### Data
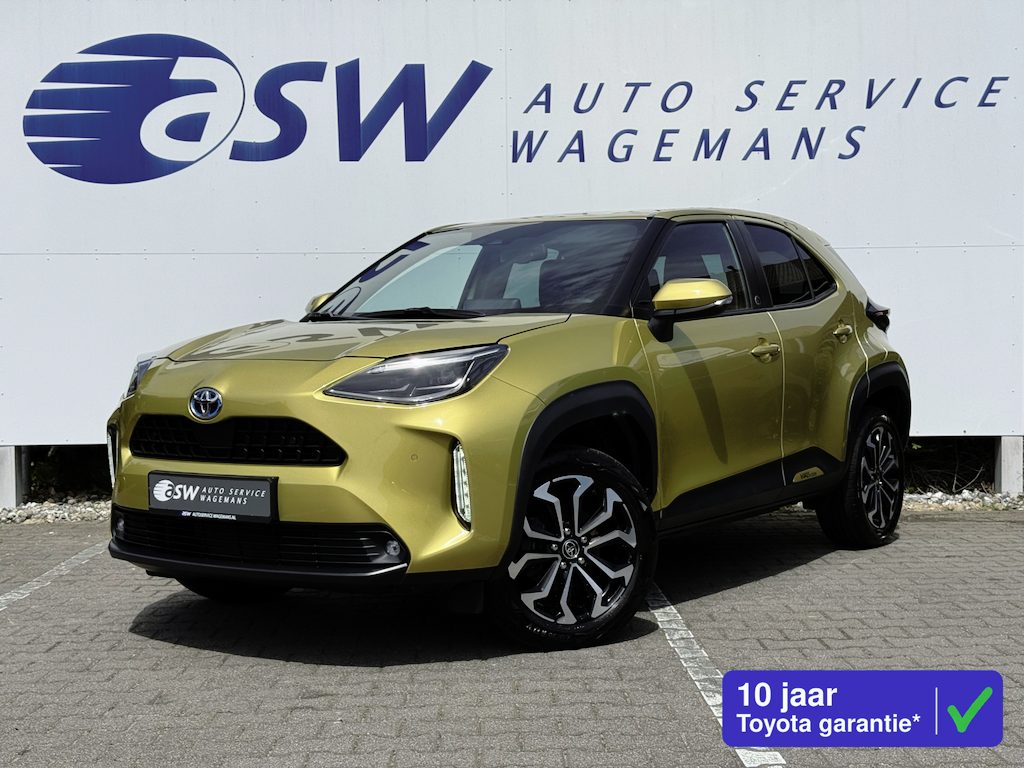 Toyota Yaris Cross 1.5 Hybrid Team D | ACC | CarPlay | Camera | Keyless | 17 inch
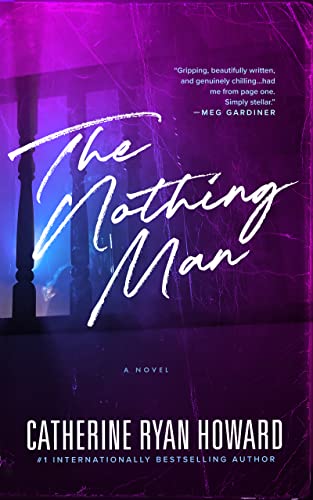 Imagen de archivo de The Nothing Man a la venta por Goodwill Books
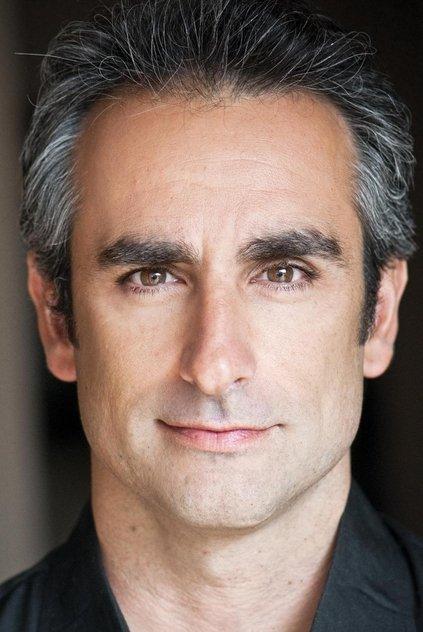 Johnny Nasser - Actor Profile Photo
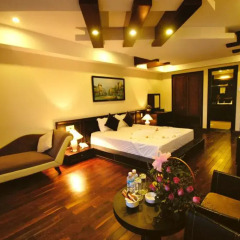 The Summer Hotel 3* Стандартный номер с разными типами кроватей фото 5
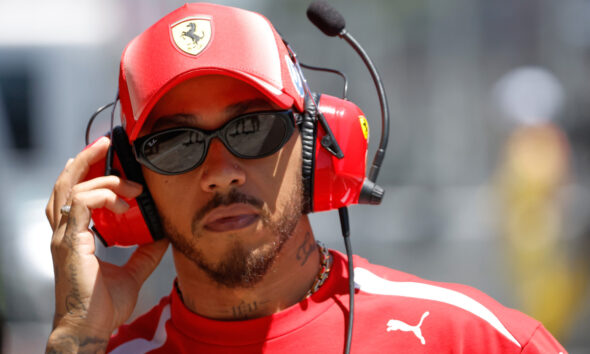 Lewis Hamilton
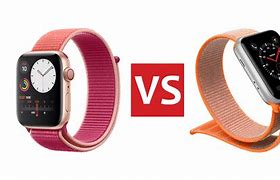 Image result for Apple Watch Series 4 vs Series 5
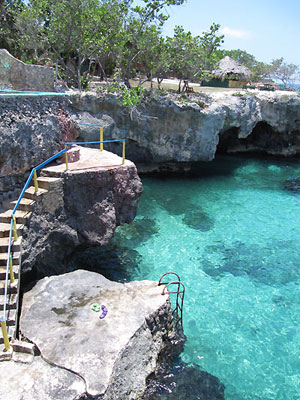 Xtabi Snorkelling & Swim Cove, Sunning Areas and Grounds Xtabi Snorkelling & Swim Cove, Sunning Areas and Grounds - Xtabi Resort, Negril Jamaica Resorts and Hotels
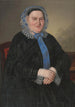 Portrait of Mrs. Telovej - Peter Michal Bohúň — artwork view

### About this exercise
For each record, return its text exactly and leave any picture out.

### Problem solution
 Toyota Yaris Cross 1.5 Hybrid Team D | ACC | CarPlay | Camera | Keyless | 17 inch
 Imagen de archivo de The Nothing Man a la venta por Goodwill Books
 Johnny Nasser - Actor Profile Photo
 The Summer Hotel 3* Стандартный номер с разными типами кроватей фото 5
 Lewis Hamilton
 Image result for Apple Watch Series 4 vs Series 5
 Xtabi Snorkelling & Swim Cove, Sunning Areas and Grounds Xtabi Snorkelling & Swim Cove, Sunning Areas and Grounds - Xtabi Resort, Negril Jamaica Resorts and Hotels
 Portrait of Mrs. Telovej - Peter Michal Bohúň — artwork view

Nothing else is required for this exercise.